In July 2000, Herer suffered a minor heart attack and a major stroke while attending the BioFach trade show, resulting in difficulties speaking and moving the right side of his body. Herer mostly recovered, and claimed in May 2004 that treatment with the Amanita muscaria, a psychoactive mushroom, was the "secret".

On September 12, 2009, Herer suffered another heart attack while backstage at the Hempstalk Festival in Portland, Oregon.

He was discharged to another facility on October 13, 2009. Paul Stanford of The Hemp and Cannabis Foundation said, "He is waking up and gazing appropriately when someone is talking... but he is not really communicating in any way."

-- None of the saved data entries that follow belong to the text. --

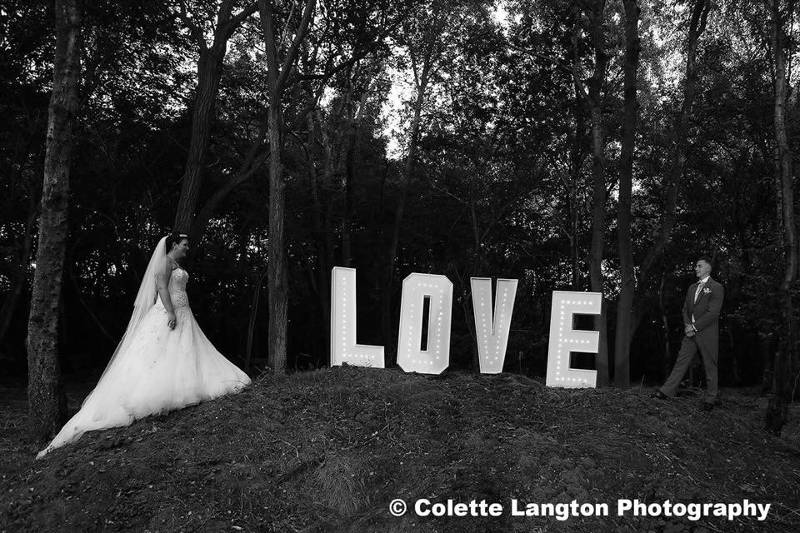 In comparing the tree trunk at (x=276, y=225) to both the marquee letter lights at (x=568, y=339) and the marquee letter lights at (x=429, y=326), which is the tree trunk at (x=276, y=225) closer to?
the marquee letter lights at (x=429, y=326)

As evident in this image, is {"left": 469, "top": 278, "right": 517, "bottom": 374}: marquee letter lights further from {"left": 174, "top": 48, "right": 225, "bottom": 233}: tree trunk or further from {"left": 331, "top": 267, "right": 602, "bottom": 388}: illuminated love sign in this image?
{"left": 174, "top": 48, "right": 225, "bottom": 233}: tree trunk

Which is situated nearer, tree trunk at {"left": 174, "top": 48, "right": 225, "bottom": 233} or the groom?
the groom

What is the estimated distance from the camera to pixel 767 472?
7.96 meters

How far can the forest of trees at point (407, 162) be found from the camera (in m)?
16.8

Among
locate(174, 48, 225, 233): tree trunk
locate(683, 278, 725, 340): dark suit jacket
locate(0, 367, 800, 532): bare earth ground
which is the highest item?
locate(174, 48, 225, 233): tree trunk

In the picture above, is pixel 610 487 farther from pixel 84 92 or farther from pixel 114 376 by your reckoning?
pixel 84 92

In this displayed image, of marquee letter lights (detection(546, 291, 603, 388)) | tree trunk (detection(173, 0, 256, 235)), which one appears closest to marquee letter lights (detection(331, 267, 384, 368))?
marquee letter lights (detection(546, 291, 603, 388))

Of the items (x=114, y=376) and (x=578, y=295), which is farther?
(x=578, y=295)

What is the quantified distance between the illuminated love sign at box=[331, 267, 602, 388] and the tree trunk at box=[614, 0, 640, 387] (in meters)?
4.43

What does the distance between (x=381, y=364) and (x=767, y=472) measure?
6237mm

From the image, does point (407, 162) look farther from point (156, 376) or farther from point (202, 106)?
point (156, 376)

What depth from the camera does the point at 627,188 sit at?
15.3m

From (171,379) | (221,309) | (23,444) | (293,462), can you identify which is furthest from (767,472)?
(221,309)

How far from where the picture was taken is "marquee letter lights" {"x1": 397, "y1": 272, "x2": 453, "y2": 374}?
1159 centimetres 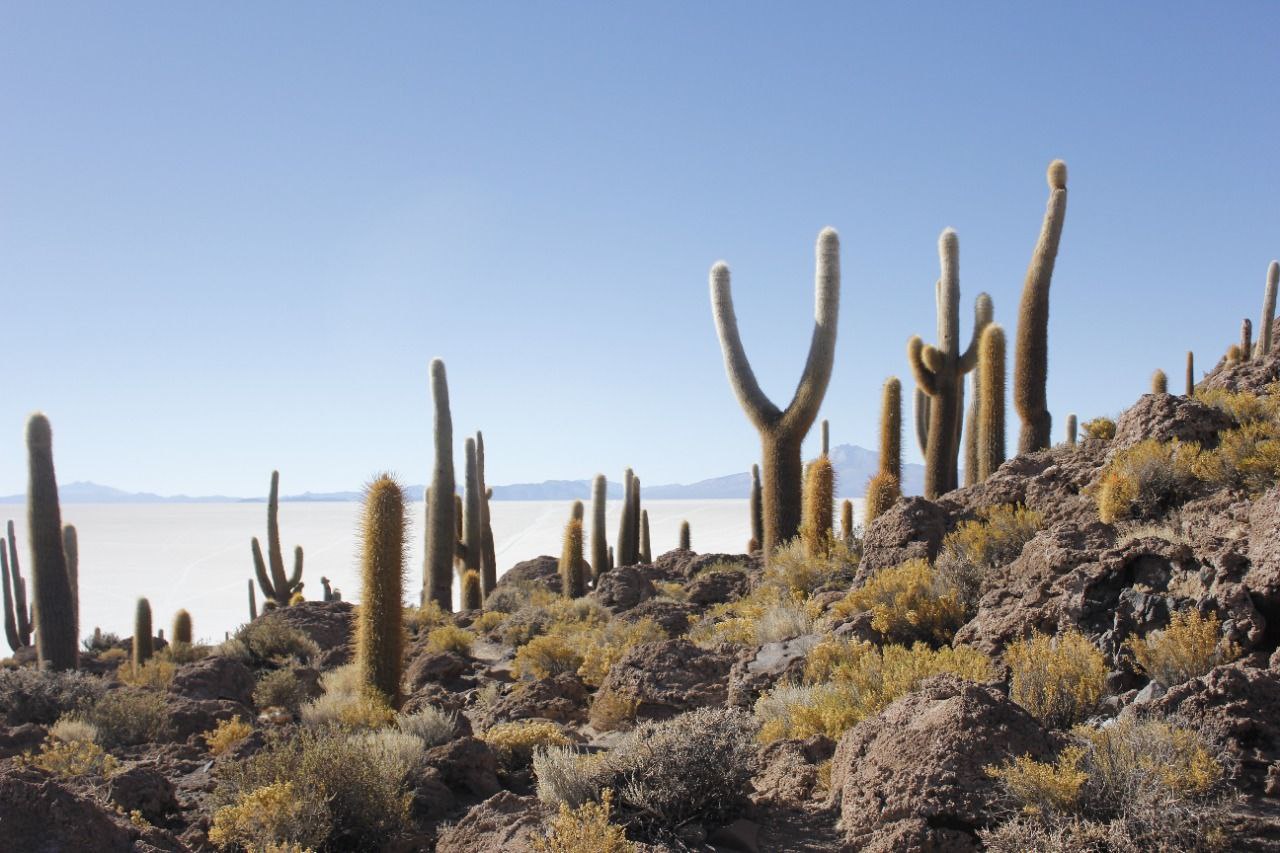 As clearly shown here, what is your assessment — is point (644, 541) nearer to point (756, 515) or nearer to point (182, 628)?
point (756, 515)

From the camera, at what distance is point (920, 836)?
5.42 m

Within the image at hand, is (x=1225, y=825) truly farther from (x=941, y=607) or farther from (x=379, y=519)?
(x=379, y=519)

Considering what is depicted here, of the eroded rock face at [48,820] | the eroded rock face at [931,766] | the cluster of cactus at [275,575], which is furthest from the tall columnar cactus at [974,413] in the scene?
the cluster of cactus at [275,575]

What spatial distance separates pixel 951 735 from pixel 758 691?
416cm

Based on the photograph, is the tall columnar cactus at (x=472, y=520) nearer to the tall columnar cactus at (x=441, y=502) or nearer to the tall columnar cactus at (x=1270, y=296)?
the tall columnar cactus at (x=441, y=502)

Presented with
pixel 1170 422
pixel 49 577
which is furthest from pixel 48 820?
pixel 49 577

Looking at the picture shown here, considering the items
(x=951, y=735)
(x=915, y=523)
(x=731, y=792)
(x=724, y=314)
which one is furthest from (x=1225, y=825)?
(x=724, y=314)

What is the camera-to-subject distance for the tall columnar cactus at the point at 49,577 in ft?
54.5

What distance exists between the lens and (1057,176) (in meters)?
18.0

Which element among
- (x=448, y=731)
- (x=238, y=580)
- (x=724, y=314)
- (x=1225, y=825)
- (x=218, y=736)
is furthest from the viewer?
(x=238, y=580)

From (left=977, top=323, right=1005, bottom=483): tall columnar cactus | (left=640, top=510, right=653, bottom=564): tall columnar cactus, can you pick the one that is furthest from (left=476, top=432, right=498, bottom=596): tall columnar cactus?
(left=977, top=323, right=1005, bottom=483): tall columnar cactus

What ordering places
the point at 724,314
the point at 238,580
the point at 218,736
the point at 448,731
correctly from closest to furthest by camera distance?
the point at 448,731
the point at 218,736
the point at 724,314
the point at 238,580

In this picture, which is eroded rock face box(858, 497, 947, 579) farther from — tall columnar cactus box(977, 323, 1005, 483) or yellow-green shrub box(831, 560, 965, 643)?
tall columnar cactus box(977, 323, 1005, 483)

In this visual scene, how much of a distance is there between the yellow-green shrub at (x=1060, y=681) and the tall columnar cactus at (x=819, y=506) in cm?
766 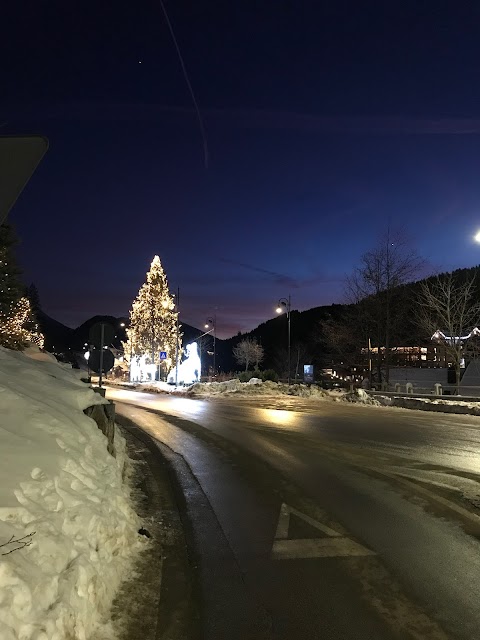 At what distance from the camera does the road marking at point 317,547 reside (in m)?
5.54

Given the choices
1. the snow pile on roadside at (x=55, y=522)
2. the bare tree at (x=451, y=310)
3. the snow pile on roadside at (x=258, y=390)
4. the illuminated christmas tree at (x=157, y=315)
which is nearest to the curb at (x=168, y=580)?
the snow pile on roadside at (x=55, y=522)

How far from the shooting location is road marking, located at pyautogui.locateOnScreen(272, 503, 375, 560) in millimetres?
5539

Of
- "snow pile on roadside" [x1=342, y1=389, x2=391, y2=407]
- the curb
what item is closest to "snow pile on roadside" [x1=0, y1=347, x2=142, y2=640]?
the curb

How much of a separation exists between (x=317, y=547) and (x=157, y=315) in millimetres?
48547

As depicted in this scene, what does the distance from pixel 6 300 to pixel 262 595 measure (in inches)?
899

On April 15, 2010, Herer died in Eugene, Oregon, from complications related to the September 2009 heart attack. He was 70 years old at the time of his death. Herer was buried at the Eden Memorial Park Cemetery in Mission Hills, California.

==Criticism==
European experts on hemp, like Dr. Hayo M.G. van der Werf, author of the doctoral thesis Crop physiology of fibre hemp (1994), and Dr. Ivan Bocsa criticized Herer for making unrealistic claims regarding the potential of hemp (cf. the work of Lyster Hoxie Dewey).

- Herer claimed that hemp produces higher yields than other crops. Van der Werf argued that is simply wrong. Under most favorable growing conditions, other crops such as maize, sugar beet, or potato produced similar dry matter yields. Fiber hemp is in many ways superior to other crops under adverse growing conditions.
- Herer claimed that hemp hurds, which make up 60 to 80% of the stem dry weight, contain 77% cellulose. Van der Werf argued that is wrong. Cellulose content of hemp hurds has been found to vary between 32 and 38% (Bedetti and Ciaralli 1976, van der Werf 1994). Possibly, Herer confused the hurds, which form the woody core of the hemp stem, with the bark, which forms the outer layer of the hemp stem. The bark contains the long bast fibers which are used in textile manufacturing.

== Legacy ==
A sativa-dominant hybrid strain of cannabis was named after Herer in honor of his work. The Jack Herer strain was originally created by Sensi Seeds. Today almost all seed banks carry their own take on this famous cannabis favorite. This strain has won several awards, including the 7th High Times Cannabis Cup. Jack Herer was also inducted into the Counterculture Hall of Fame at the 16th Cannabis Cup in recognition of his first book.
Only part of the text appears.